Podría añadir otras muchas cosas que aprendí en aquel bachillerato, desde el latín a la literatura, desde la geografía a la historia del arte, que no he olvidado. Pero descubrir al primer Darwin y a todo el edificio científico posterior construido a su alrededor ha sido una de las mayores experiencias intelectuales de mi vida. Todo cambia con la teoría de la evolución.

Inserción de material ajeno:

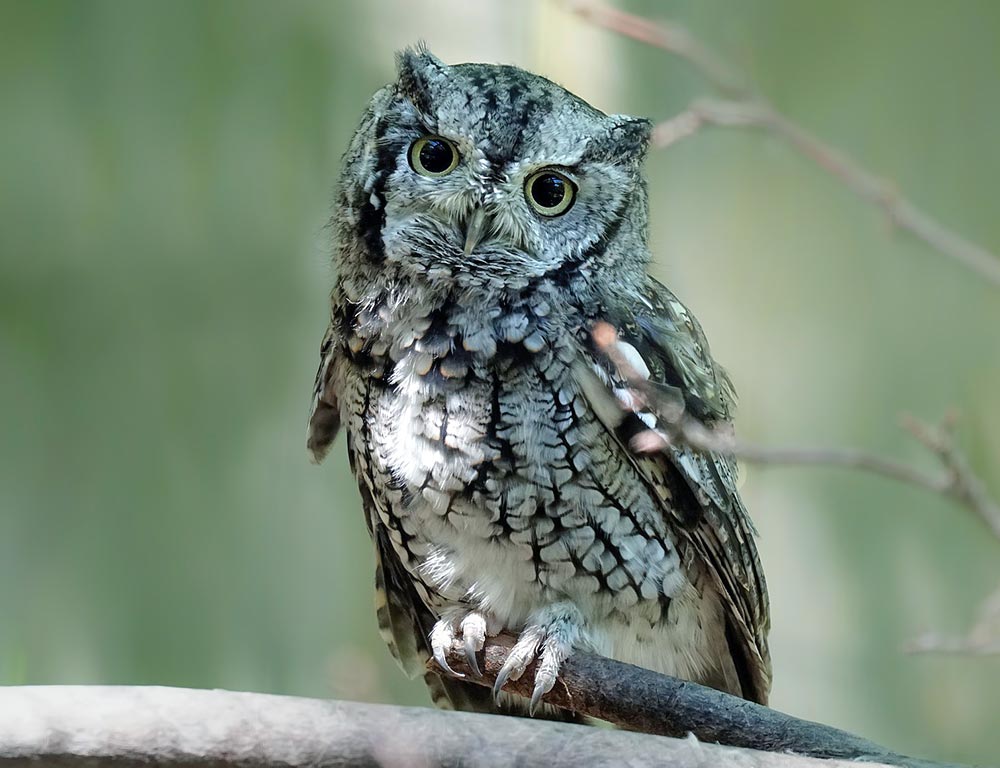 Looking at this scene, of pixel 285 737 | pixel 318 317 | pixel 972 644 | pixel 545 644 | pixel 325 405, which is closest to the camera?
pixel 285 737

Todo cambia con los grandes descubrimientos de la paleontoarquelogía, la biología y la psicología evolucionista y tantas nuevas disciplinas que nos están obligando a reconciliarnos con el mundo, animado e inanimado.

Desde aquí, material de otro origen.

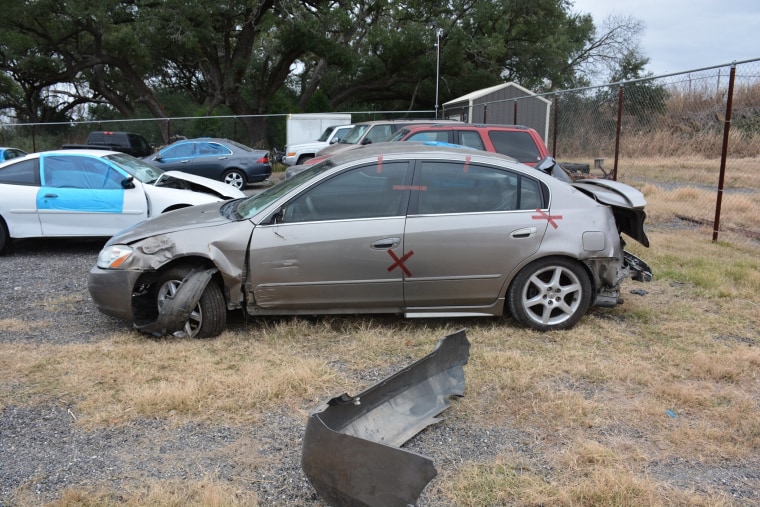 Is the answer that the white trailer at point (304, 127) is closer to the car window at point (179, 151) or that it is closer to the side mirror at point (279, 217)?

Hoy ya sabemos que formamos parte de la naturaleza, de la que no somos dueños aunque nos comportamos como si lo fuéramos, y no podemos ignorar (porque sabemos) que tenemos sobre ella una enorme responsabilidad. Y sabemos que estamos solos en un pequeño planeta llamado Tierra, que gira sobre sí misma a 1.700 kilómetros por hora y alrededor del Sol a una velocidad de 107.000 kilómetros por hora. Un planeta único (por ahora) en el que se produjo un 'milagro', la aparición de la vida primero y después de millones de años la aparición de un ser vivo, el hombre, que adquirió la capacidad de contarlo. Tomar conciencia de todo esto es una gran experiencia intelectual. Asumir responsablemente las consecuencias de esta toma de conciencia es también una experiencia moral.

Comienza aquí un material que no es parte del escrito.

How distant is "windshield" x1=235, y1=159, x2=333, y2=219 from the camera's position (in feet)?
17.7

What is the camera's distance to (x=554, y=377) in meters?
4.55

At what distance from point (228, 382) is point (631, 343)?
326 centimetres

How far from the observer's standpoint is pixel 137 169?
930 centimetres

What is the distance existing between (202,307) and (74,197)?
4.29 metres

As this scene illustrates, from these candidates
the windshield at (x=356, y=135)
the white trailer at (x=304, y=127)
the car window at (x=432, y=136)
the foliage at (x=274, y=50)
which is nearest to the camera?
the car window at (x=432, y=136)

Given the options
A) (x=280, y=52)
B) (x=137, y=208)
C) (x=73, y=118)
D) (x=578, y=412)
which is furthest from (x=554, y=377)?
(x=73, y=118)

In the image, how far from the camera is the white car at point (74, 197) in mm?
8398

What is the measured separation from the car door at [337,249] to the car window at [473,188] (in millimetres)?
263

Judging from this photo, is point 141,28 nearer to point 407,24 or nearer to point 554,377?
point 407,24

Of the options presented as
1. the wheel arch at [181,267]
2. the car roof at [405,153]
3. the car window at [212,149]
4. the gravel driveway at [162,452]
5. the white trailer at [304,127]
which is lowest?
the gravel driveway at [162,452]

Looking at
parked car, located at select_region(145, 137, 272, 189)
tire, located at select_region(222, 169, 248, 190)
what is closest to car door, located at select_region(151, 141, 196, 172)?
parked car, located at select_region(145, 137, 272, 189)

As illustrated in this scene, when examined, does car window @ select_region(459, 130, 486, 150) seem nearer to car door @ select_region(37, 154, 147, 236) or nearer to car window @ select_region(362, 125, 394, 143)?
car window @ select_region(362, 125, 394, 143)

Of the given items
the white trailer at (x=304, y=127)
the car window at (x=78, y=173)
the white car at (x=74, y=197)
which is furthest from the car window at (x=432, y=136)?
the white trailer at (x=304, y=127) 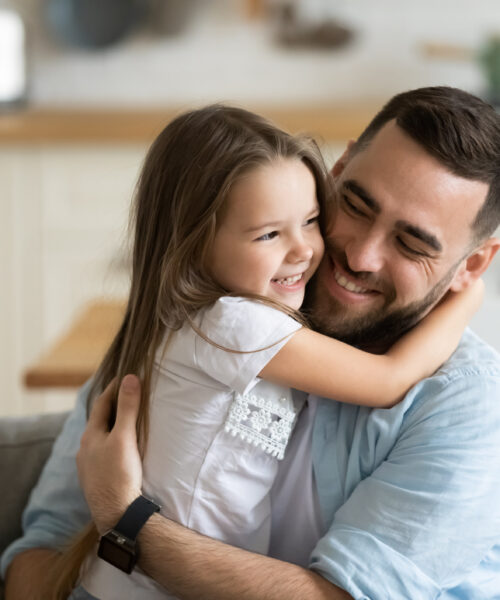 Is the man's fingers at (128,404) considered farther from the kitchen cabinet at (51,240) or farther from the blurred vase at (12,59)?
the blurred vase at (12,59)

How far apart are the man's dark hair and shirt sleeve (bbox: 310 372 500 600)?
432 mm

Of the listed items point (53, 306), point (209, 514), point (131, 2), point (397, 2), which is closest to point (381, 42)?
point (397, 2)

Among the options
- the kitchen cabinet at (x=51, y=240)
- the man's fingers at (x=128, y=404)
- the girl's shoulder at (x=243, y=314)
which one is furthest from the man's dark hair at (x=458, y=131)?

Para llegar a este momento de esta tribuna Dios no nos ha sido necesario. Muchas personas creen en Dios, pero hoy, con todo lo que sabemos sobre el mundo, creer en Dios no es suficiente. Los buenos creyentes lo saben. No le piden a Dios imposibles, pues saben que la libertad que Dios infundió al hombre es incompatible con su intervención. Por eso los buenos creyentes no creen en los milagros, siempre arbitrarios e injustos. Hoy, creyentes y no creyentes navegamos en una nave sideral de la que solo los humanos tenemos conciencia de ello. Hay muchos problemas en este mundo. La segunda ley de la termodinámica, las leyes de la probabilidad condicional, la teoría de la evolución, nos proporcionan información y argumentos (también argumentos morales) suficientes como para trabajar con quienes necesitan de un Dios creador de los cielos y la tierra. El imposible crecimiento perpetuo nos obliga a la mesura; el relativismo epistémico, a la prudencia, y el reconocimiento de nuestros orígenes, a ser humildes. Y todo esto y algunas pocas cosas más es lo que aprendimos la promoción del 56 al 63 en aquel bachillerato del viejo Instituto de Aguilar y Eslava de Cabra, al que yo hoy aquí, tantos años después, con estas modestas líneas, quiero rendir mi personal homenaje y agradecimiento.